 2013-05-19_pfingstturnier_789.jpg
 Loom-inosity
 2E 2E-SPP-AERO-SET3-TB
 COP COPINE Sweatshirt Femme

...

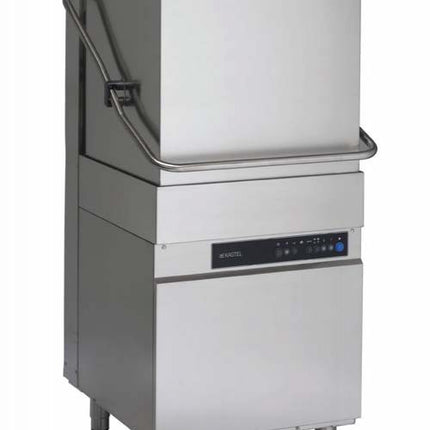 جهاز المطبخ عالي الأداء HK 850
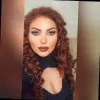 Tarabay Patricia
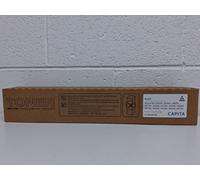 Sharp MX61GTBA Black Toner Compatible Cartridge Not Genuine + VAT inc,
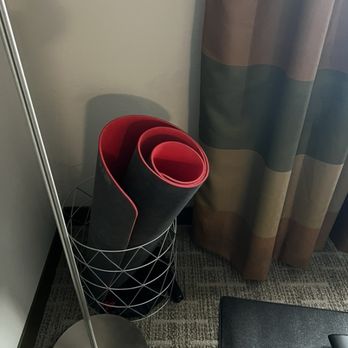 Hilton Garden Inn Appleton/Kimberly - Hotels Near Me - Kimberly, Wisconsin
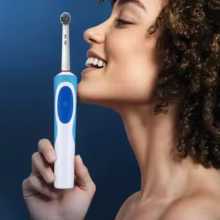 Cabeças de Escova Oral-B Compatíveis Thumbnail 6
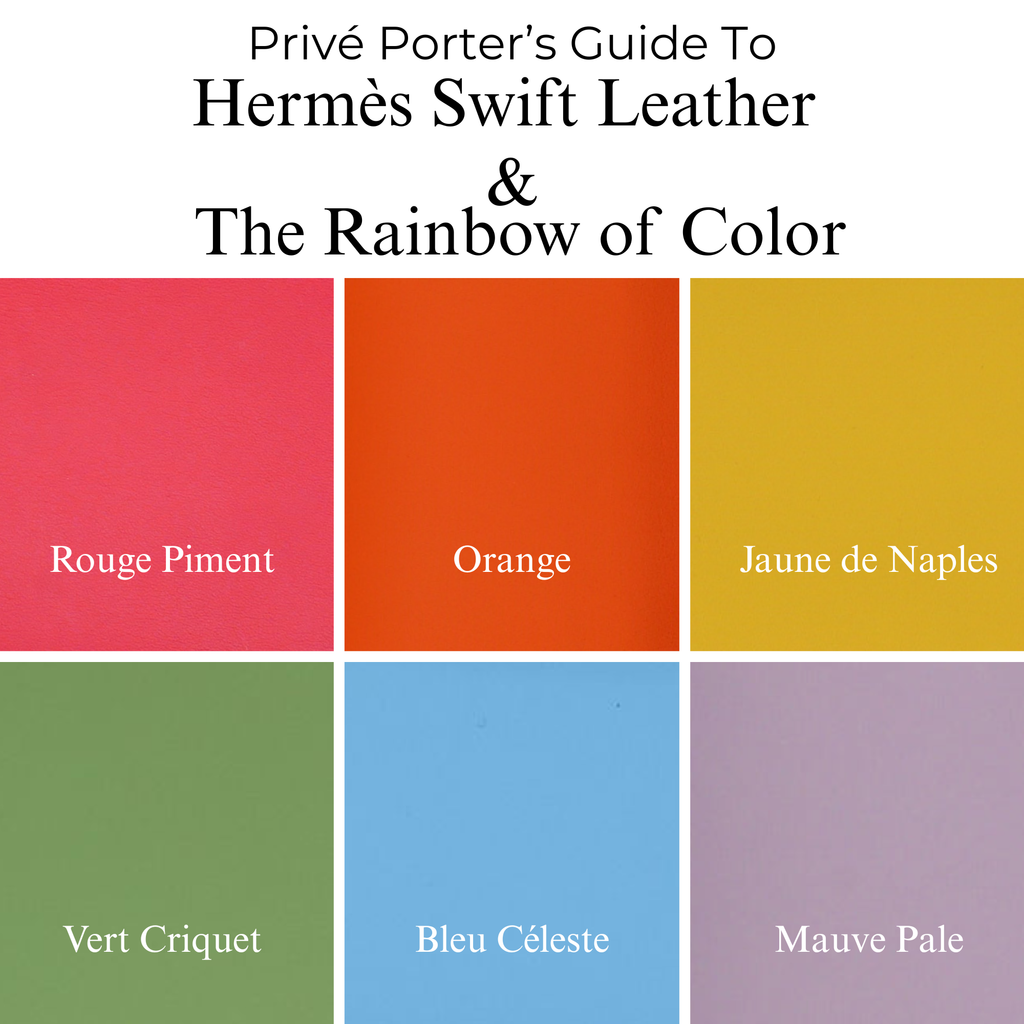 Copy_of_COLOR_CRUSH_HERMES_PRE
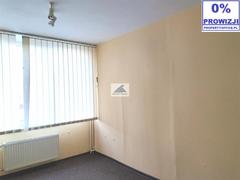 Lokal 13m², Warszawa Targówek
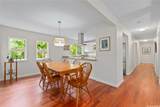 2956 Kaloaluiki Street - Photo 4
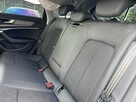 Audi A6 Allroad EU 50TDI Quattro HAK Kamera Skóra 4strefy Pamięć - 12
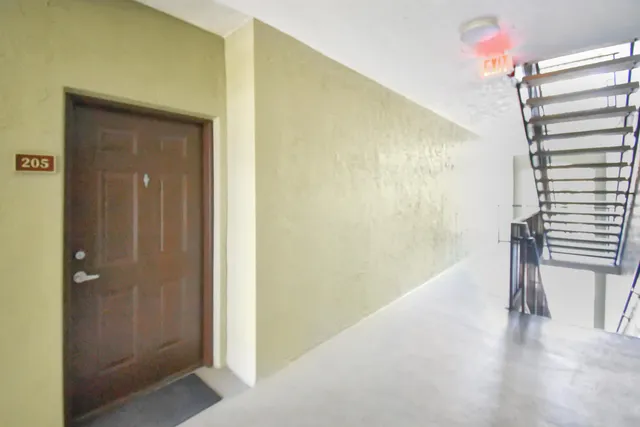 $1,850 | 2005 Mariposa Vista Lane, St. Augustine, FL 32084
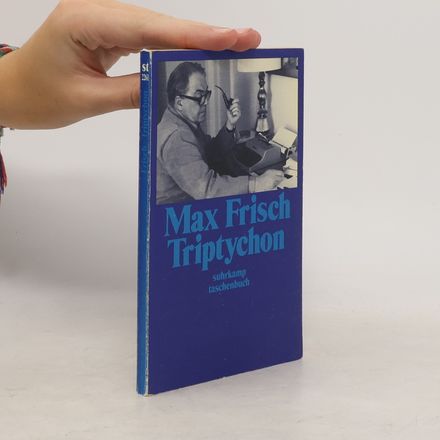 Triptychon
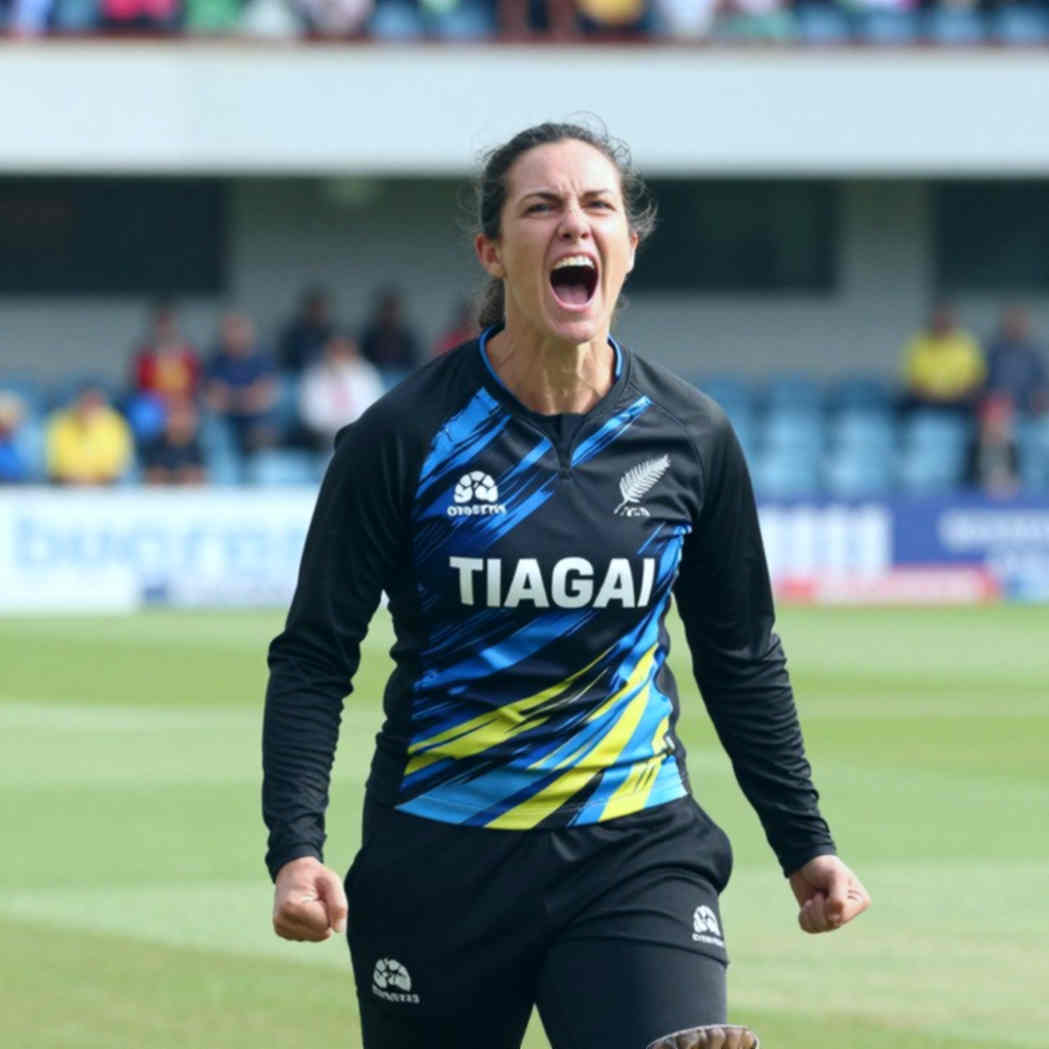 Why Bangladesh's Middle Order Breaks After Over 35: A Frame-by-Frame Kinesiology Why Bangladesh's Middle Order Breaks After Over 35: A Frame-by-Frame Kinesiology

* **Work to complete**: With the pictures left out, write out exactly the lines above from the one containing "Sharp MX61GTBA Black" through the one containing "2956 Kaloaluiki Street - Photo 4".

* **Exercise answer**:
 Sharp MX61GTBA Black Toner Compatible Cartridge Not Genuine + VAT inc,
 Hilton Garden Inn Appleton/Kimberly - Hotels Near Me - Kimberly, Wisconsin
 Cabeças de Escova Oral-B Compatíveis Thumbnail 6
 Copy_of_COLOR_CRUSH_HERMES_PRE
 Lokal 13m², Warszawa Targówek
 2956 Kaloaluiki Street - Photo 4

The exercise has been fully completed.